- [PROVIDED DATA]
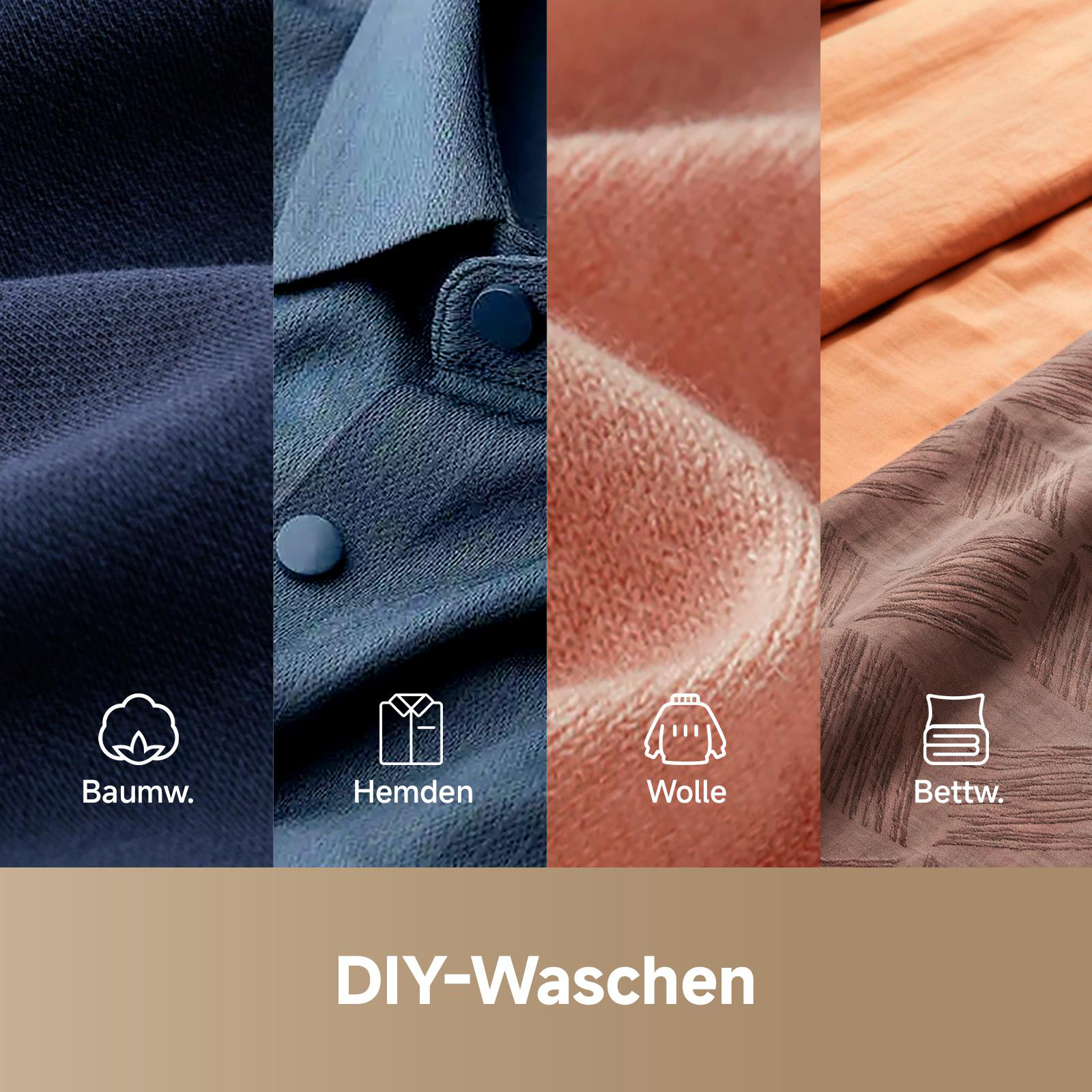 Vier Stoffproben: Baumwolle, Hemden, Wolle, Bettwäsche. DIY-Waschen.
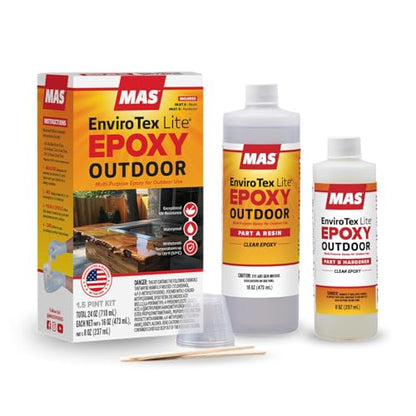 MAS EnviroTex Lite Outdoor Epoxy 24 Oz Kit, High-Gloss - size: 24 Oz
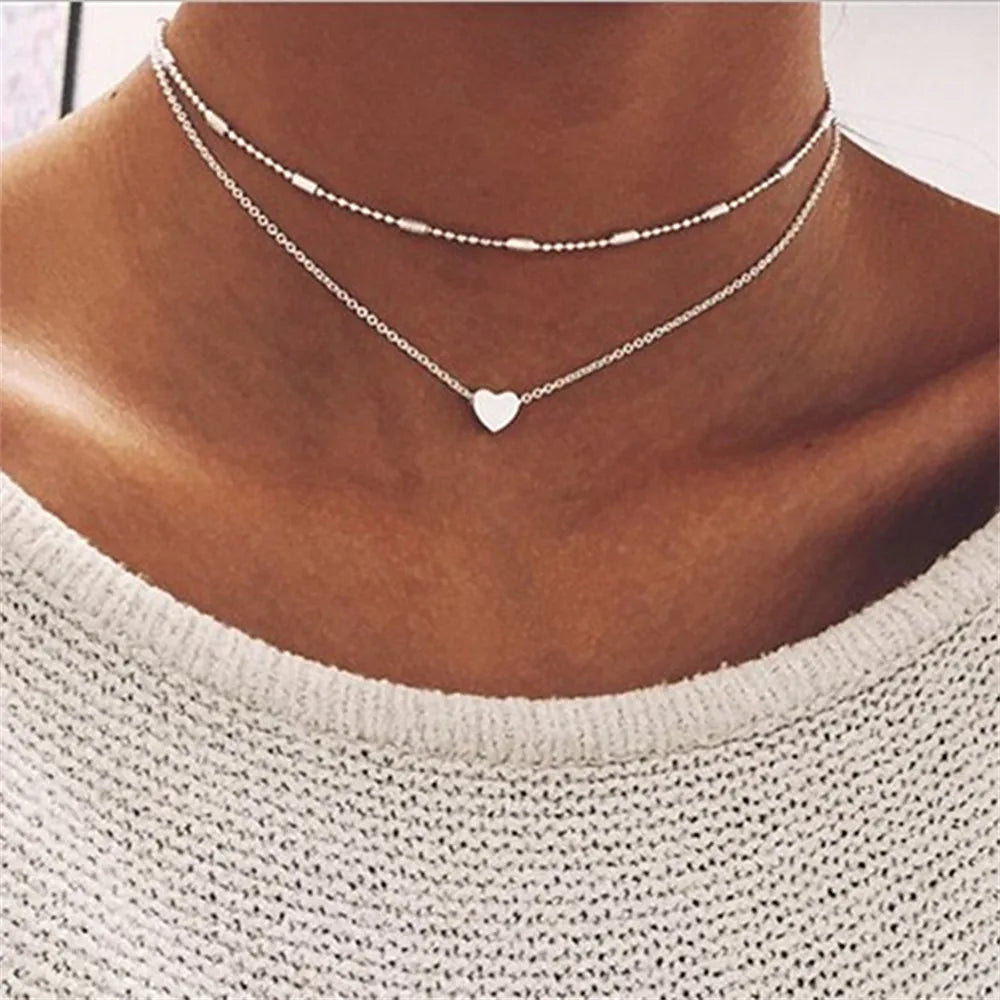 Silver  Heart Necklace | heart pendant  |   Heart Pendant Necklace  |  Heart Pendant Chain |  Slim Chain | Pendant Chain Necklace | Neck Chain |. Heart Choker Necklace   | Sterling Silver Heart Necklaces |  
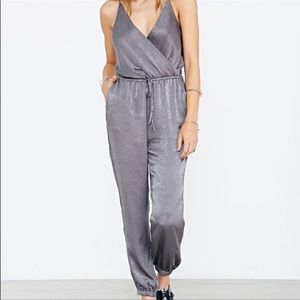 Silence + Noise Silver Metallic Jumpsuit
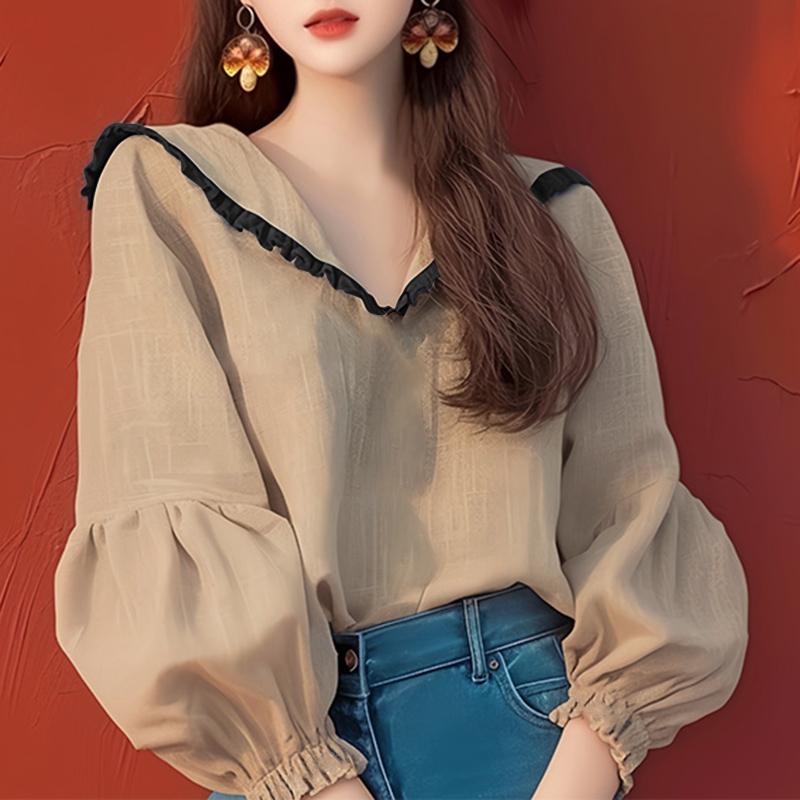 VONDA Women Casual Lace Lapel Long Sleeve Blouses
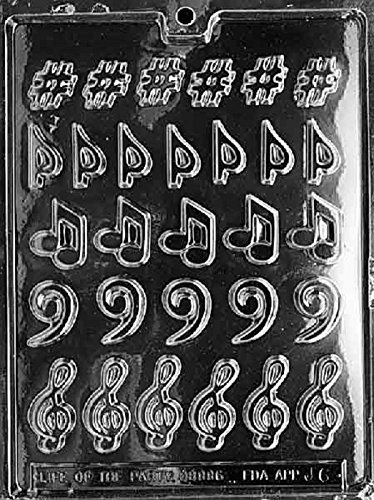 Grandmama's Goodies J006 Music Chocolate Candy Soap Mold with Exclusive Molding Instructions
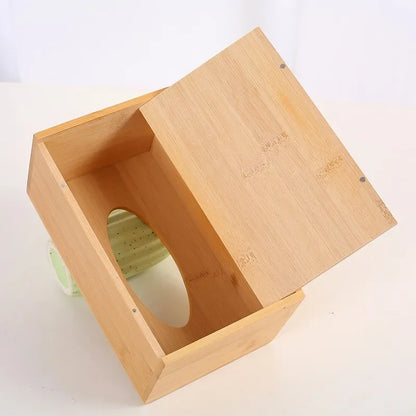 Bamboo Tissue Storage Box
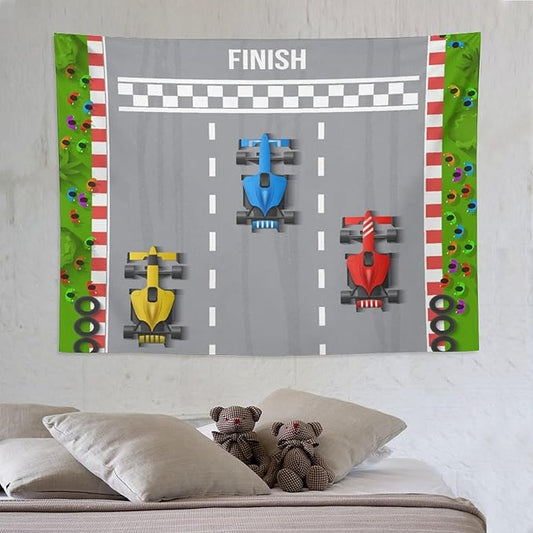 ZhiRain Youth Race Car Tapestry Wall Hanging Cartoon Racing Car Track Formula Racer Extreme Speed Sports Tapestries Home Decor for Living Room Bedroom Apartment Farmhouse Dorm 60"x80"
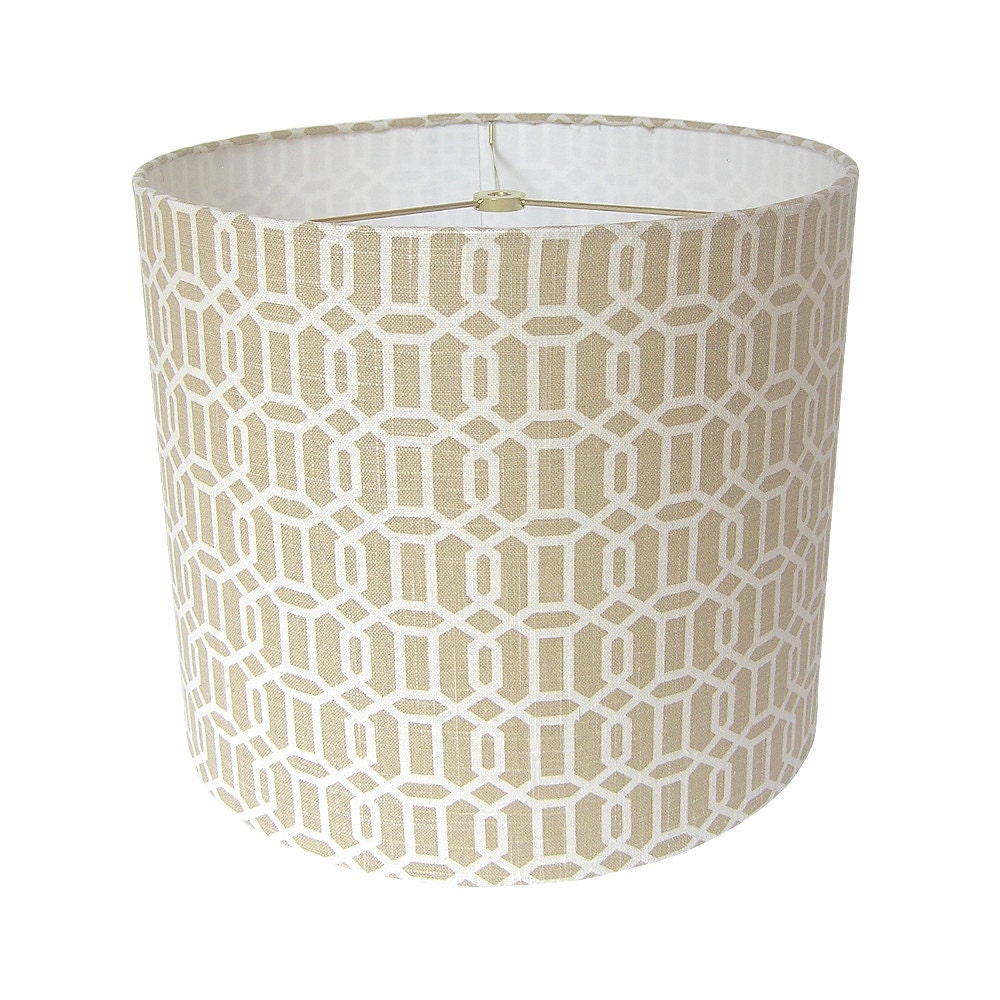 Drum Lamp Shade Lampshade Malone by Pindler & Pindler Designer Neutral Oak Made to Order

- [TASK TO CARRY OUT]
Reproduce verbatim the opening line of the material and every line after it, up to and including the line with "Silence + Noise Silver Metallic Jumpsuit", but no pictures.

- [OUTPUT]
 Vier Stoffproben: Baumwolle, Hemden, Wolle, Bettwäsche. DIY-Waschen.
 MAS EnviroTex Lite Outdoor Epoxy 24 Oz Kit, High-Gloss - size: 24 Oz
 Silver  Heart Necklace | heart pendant  |   Heart Pendant Necklace  |  Heart Pendant Chain |  Slim Chain | Pendant Chain Necklace | Neck Chain |. Heart Choker Necklace   | Sterling Silver Heart Necklaces |  
 Silence + Noise Silver Metallic Jumpsuit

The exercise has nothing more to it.